Part or all of any provision of this agreement that is illegal or unenforceable may be severed from this agreement and the remaining provisions of this agreement continue in force.
18.7 No waiver
Waiver of any provision of or right under this agreement must be in writing signed by the party entitled to the benefit of that provision or right and is effective only to the extent set out in any written waiver.
Any term by its nature intended to survive termination of this agreement survives termination of this agreement, including clauses 6, 7, 8, 9, 10, 11, 13, 15, 16, 17 and this clause 18.
18.9 Goods and services tax
(a) Words or expressions used in this clause 16.9 which are defined in the A New Tax System (Goods and Services Tax) Act 1999 (Cth) have the same meaning in this clause.
(b) Any consideration to be paid or provided for a supply made under or in connection with this agreement, unless specifically described in this agreement as ‘GST inclusive’, does not include an amount on account of GST.

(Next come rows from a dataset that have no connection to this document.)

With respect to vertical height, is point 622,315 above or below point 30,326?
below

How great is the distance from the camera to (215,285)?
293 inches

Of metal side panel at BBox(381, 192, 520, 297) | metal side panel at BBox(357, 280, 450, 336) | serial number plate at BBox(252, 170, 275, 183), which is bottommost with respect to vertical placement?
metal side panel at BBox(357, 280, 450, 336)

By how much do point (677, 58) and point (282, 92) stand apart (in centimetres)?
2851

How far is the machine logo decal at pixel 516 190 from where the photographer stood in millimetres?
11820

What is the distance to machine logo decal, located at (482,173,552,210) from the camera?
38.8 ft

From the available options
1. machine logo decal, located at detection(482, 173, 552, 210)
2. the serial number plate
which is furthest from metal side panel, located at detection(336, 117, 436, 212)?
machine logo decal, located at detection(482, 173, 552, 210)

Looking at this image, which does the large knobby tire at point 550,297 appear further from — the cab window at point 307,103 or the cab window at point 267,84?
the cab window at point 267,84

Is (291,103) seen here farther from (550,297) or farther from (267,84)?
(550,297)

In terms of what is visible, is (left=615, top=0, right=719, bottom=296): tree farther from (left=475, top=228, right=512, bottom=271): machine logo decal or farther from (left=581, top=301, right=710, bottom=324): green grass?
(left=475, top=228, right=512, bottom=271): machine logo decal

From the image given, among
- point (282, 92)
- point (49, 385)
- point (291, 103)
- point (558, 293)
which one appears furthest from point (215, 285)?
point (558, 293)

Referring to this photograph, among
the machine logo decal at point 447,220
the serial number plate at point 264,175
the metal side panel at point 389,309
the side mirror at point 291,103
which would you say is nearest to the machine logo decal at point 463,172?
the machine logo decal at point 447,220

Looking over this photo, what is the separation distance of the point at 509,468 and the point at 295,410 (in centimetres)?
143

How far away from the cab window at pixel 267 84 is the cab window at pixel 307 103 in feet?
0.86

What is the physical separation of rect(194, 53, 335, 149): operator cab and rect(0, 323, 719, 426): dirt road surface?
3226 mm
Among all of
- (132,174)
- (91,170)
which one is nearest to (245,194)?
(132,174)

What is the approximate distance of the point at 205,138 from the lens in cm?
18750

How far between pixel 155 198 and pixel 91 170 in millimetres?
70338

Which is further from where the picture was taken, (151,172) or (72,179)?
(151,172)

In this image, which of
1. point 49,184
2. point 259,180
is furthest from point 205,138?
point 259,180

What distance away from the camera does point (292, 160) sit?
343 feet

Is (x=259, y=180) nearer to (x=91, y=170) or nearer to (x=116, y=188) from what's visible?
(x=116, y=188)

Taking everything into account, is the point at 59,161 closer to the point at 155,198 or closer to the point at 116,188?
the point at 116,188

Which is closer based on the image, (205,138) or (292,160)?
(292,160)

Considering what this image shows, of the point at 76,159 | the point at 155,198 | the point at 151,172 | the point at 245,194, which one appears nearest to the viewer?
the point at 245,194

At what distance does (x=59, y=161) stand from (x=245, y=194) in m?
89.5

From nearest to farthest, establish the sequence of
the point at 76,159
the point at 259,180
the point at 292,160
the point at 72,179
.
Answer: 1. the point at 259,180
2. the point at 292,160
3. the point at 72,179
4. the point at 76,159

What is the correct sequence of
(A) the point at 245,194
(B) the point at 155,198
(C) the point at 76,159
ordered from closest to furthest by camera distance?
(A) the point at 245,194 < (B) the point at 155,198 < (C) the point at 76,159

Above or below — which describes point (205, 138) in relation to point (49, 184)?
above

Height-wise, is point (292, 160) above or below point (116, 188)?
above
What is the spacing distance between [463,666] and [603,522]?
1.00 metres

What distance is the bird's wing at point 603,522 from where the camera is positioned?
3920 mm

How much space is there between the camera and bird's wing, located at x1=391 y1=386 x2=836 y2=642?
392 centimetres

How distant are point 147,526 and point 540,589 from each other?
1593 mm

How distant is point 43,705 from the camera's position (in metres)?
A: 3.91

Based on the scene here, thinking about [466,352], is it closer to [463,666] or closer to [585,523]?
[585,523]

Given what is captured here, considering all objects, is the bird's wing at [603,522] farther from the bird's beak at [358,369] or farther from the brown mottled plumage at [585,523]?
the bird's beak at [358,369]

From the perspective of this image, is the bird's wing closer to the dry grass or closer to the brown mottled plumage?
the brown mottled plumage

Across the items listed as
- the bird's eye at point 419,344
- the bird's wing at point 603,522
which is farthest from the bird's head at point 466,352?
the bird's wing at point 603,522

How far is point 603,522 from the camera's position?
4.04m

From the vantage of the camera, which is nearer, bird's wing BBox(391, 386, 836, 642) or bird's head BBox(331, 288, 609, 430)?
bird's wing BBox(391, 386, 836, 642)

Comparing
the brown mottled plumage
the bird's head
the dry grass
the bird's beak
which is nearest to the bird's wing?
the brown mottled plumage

(c) Despite any other provision in this agreement, if a party (Supplier) makes a supply under or in connection with this agreement on which GST is imposed (not being a supply the consideration for which is specifically described in this agreement as ‘GST inclusive’):
(i) the consideration payable or to be provided for that supply under this agreement but for the application of this clause (GST exclusive consideration) is increased by, and the recipient of the supply (Recipient) must also pay to the Supplier, an amount equal to the GST payable by the Supplier on that supply; and
(ii) the amount by which the GST exclusive consideration is increased must be paid to the Supplier by the Recipient without set off, deduction or requirement for demand, at the same time as the GST exclusive consideration is payable or to be provided.
(d) If a payment to a party under this agreement is a reimbursement or indemnification, calculated by reference to a loss, cost or expense incurred by that party, then the payment will be reduced by the amount of any input tax credit to which that party is entitled for that loss, cost or expense. That party is assumed to be entitled to a full input tax credit unless it proves, before the date on which the payment must be made, that its entitlement is otherwise.